PROVIDED DATA —
· · ·

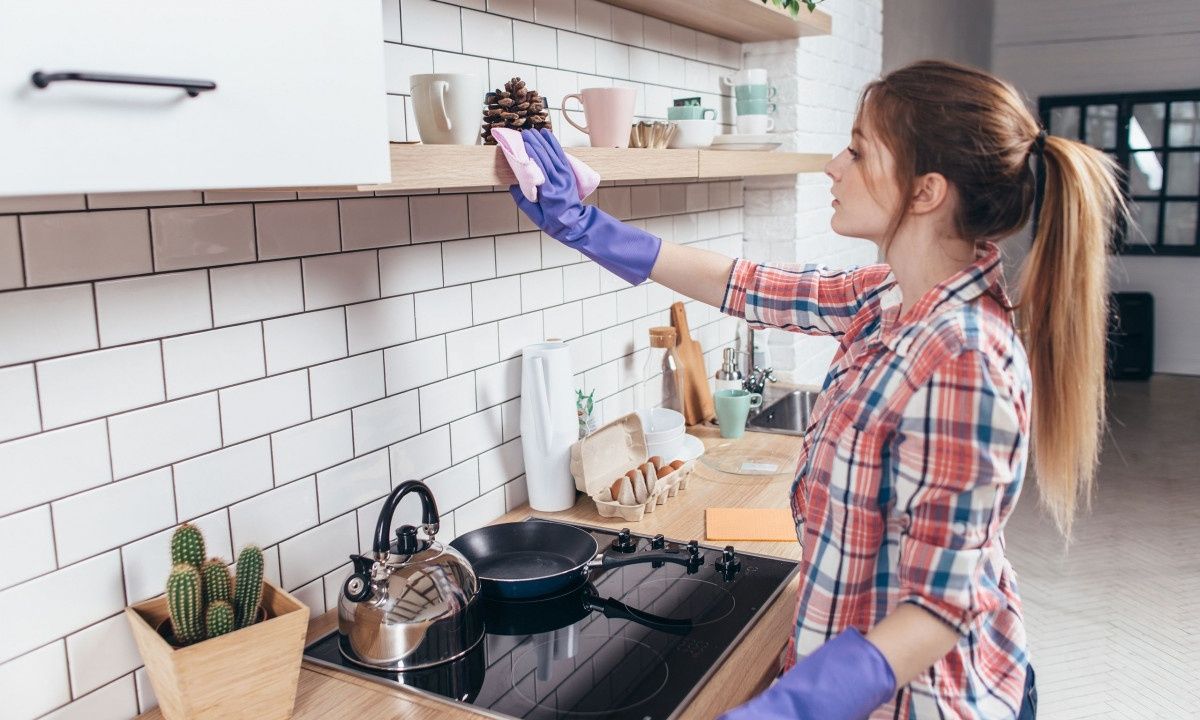 Κάντε τα ντουλάπια της κουζίνας να λάμπουν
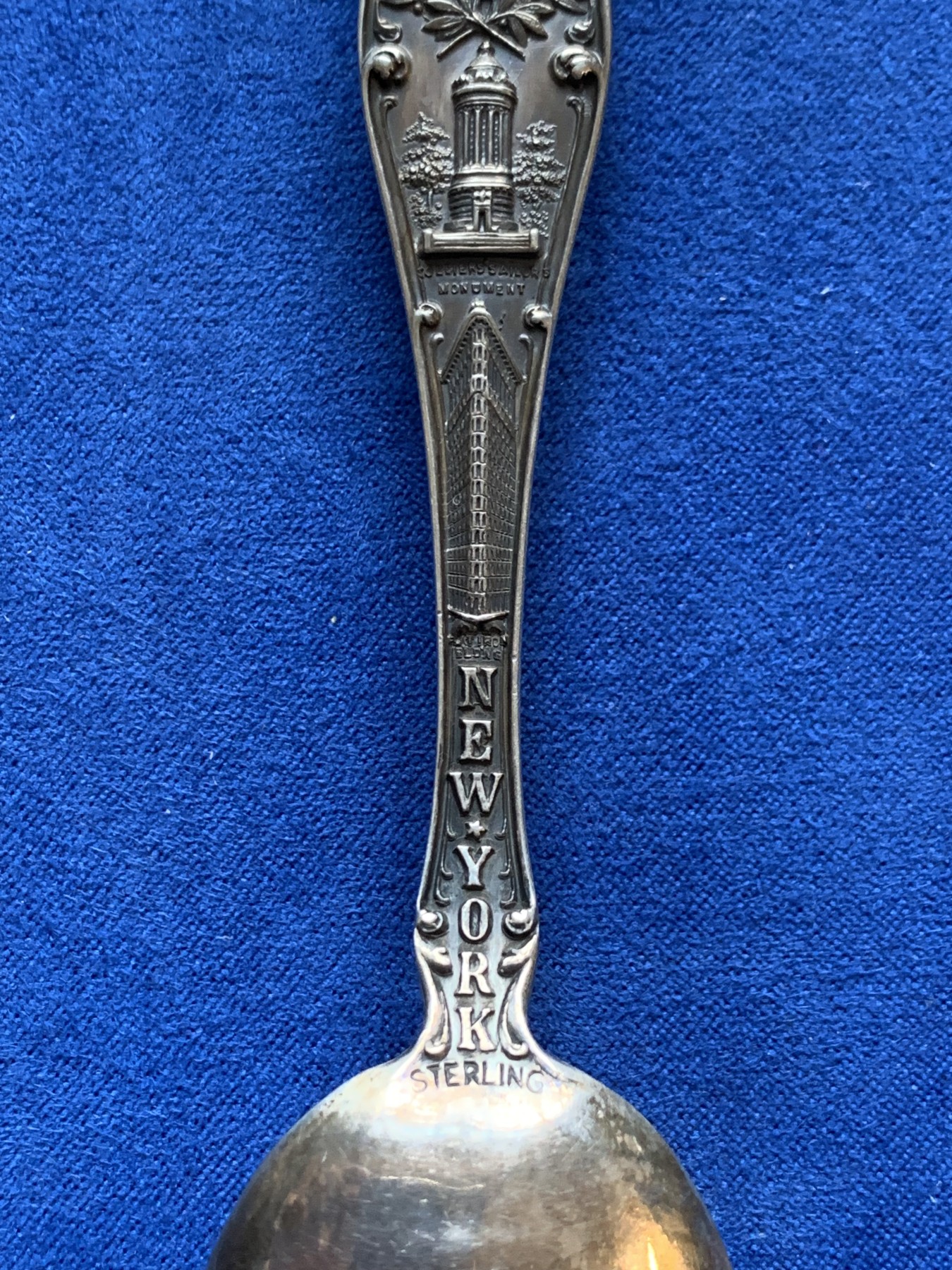 《竞宝斋》第208场-周日，周一 2场 (全场包邮) 古董艺术银勺 S925 纽约旅游 15cm 19.7g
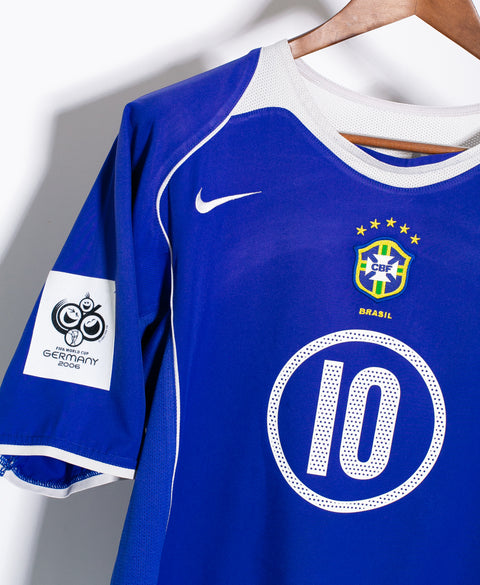 Brazil 2004 Ronaldinho Away Kit (M)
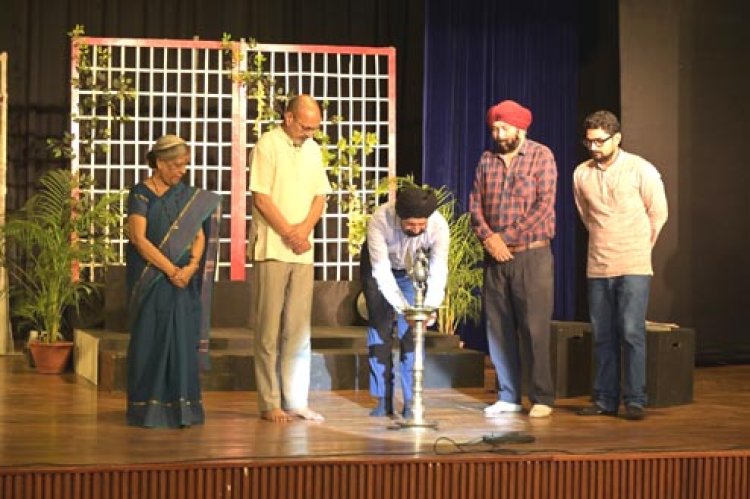 नाटक ’देही’ ने उठाए अस्तित्व पर गहरे सवाल, क्या मशीन कभी ’इंसान’ बन पाएगी?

· · ·

THE TASK — Could you transcribe all of the data exactly, keeping every picture out of the copy?

THE ANSWER —
 Κάντε τα ντουλάπια της κουζίνας να λάμπουν
 《竞宝斋》第208场-周日，周一 2场 (全场包邮) 古董艺术银勺 S925 纽约旅游 15cm 19.7g
 Brazil 2004 Ronaldinho Away Kit (M)
 नाटक ’देही’ ने उठाए अस्तित्व पर गहरे सवाल, क्या मशीन कभी ’इंसान’ बन पाएगी?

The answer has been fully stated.